Write down exactly the lines from the one below that has "Hey there! That" to the end of the data, both ends included; the pictures should not appear in your copy.

**Available data:**
== Segment start ==

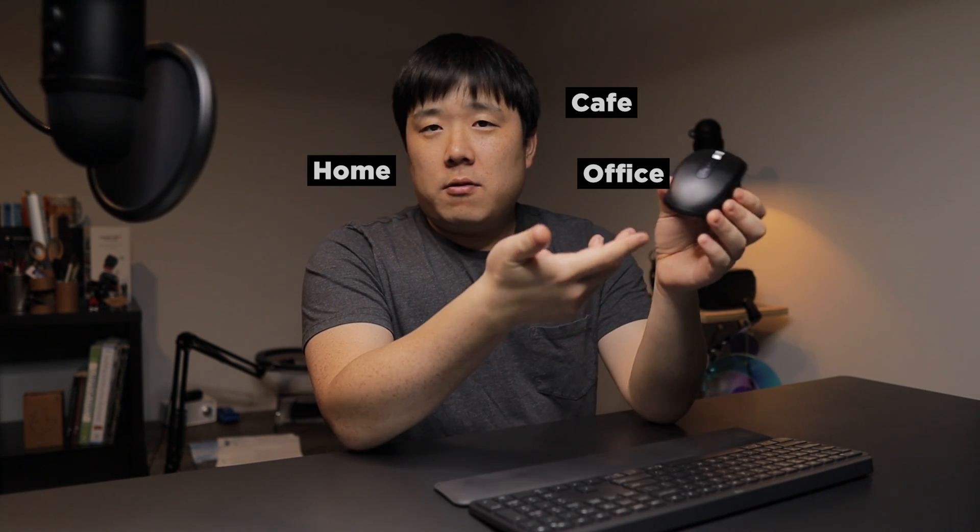This mouse is definitely going to replace the previous version in my everyday carry bag. I'm very happy with the new scroll wheel, and now that the Anywhere mouse has implemented the same scroll wheel and function, I can have consistent mouse behavior at home, in the office, at a cafe, or anywhere else. If you enjoyed this content please like and subscribe. Thank you so much for watching - see you next time!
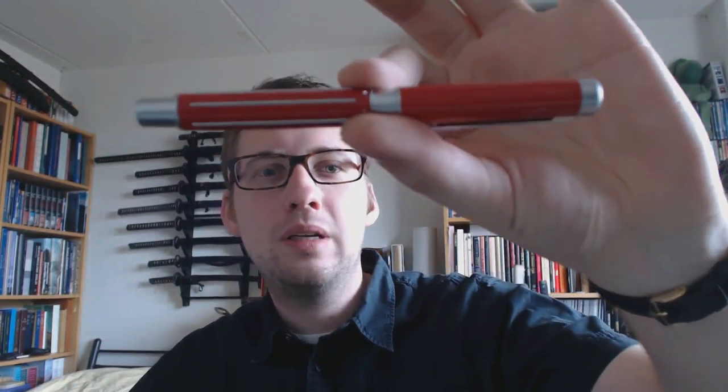Hey there! That was the sound of a Ferrari, and today we're going to be talking about a Ferrari pen. This pen was sent to me by Leigh — thank you, Leigh.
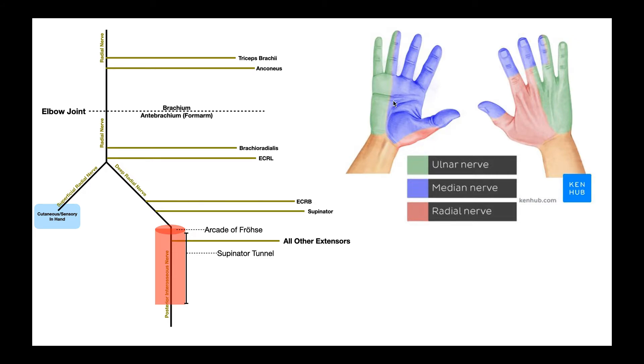Looking at the palmar aspect of the hand, the only part sensed by the radial nerve is the lateral aspect of the thenar eminence on the thumb side. On the dorsal aspect of the hand, other than the tips of digits one, two, and three, it's really the lateral half — or thumb half — of the dorsal aspect of the hand. The superficial radial nerve has no motor function.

== Segment end ==

**Answer section:**
Hey there! That was the sound of a Ferrari, and today we're going to be talking about a Ferrari pen. This pen was sent to me by Leigh — thank you, Leigh.
Looking at the palmar aspect of the hand, the only part sensed by the radial nerve is the lateral aspect of the thenar eminence on the thumb side. On the dorsal aspect of the hand, other than the tips of digits one, two, and three, it's really the lateral half — or thumb half — of the dorsal aspect of the hand. The superficial radial nerve has no motor function.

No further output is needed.